» SOURCE DATA
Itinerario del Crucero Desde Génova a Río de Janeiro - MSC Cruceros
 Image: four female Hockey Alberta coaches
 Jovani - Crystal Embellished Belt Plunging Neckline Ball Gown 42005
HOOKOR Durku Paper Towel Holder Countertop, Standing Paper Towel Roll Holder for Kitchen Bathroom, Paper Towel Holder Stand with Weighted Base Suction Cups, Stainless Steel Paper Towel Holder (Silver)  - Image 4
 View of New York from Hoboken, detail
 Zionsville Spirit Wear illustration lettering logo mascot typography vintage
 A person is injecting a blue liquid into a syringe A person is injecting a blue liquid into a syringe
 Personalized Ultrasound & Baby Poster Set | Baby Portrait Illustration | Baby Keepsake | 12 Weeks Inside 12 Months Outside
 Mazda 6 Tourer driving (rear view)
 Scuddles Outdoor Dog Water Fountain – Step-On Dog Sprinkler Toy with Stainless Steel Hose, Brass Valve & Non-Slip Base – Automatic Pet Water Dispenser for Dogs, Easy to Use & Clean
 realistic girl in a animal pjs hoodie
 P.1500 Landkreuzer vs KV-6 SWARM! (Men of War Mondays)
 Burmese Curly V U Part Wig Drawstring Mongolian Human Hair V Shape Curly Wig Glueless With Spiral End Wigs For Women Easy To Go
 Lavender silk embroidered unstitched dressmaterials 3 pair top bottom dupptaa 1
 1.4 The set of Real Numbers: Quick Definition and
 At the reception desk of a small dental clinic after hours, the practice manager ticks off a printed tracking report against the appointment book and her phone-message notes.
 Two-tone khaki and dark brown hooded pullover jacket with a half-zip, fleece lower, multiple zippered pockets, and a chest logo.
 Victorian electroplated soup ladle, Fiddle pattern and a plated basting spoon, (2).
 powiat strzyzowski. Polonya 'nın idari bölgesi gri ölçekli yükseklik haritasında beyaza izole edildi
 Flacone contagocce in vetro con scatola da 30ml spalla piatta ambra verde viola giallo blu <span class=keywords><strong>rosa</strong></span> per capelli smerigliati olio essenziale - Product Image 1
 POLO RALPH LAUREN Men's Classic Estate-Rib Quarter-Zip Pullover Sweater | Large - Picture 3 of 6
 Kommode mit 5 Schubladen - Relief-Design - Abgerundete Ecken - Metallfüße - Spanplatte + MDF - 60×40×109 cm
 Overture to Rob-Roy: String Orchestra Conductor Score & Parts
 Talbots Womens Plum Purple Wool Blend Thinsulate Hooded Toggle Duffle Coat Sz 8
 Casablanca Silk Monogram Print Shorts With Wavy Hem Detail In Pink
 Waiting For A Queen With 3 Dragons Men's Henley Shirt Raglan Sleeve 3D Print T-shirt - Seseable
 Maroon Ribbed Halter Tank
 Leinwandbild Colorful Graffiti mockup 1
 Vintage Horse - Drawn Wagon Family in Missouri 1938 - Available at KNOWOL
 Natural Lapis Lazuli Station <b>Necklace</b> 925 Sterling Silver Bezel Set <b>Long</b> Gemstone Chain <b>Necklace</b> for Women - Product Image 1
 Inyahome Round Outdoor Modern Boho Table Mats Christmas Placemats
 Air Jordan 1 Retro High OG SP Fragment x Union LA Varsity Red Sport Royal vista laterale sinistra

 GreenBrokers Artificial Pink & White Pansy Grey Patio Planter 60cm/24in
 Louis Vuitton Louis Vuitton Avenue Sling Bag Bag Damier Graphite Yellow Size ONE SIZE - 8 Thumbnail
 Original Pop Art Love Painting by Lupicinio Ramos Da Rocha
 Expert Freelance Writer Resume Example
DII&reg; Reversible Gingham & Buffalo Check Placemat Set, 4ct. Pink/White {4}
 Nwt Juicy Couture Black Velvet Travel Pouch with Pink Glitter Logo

» DIRECTIONS FOR THIS TASK
Filter the listing so that only lines holding the word "Pink" remain, and copy those lines.

» ANSWER SECTION
 Casablanca Silk Monogram Print Shorts With Wavy Hem Detail In Pink
 GreenBrokers Artificial Pink & White Pansy Grey Patio Planter 60cm/24in
DII&reg; Reversible Gingham & Buffalo Check Placemat Set, 4ct. Pink/White {4}
 Nwt Juicy Couture Black Velvet Travel Pouch with Pink Glitter Logo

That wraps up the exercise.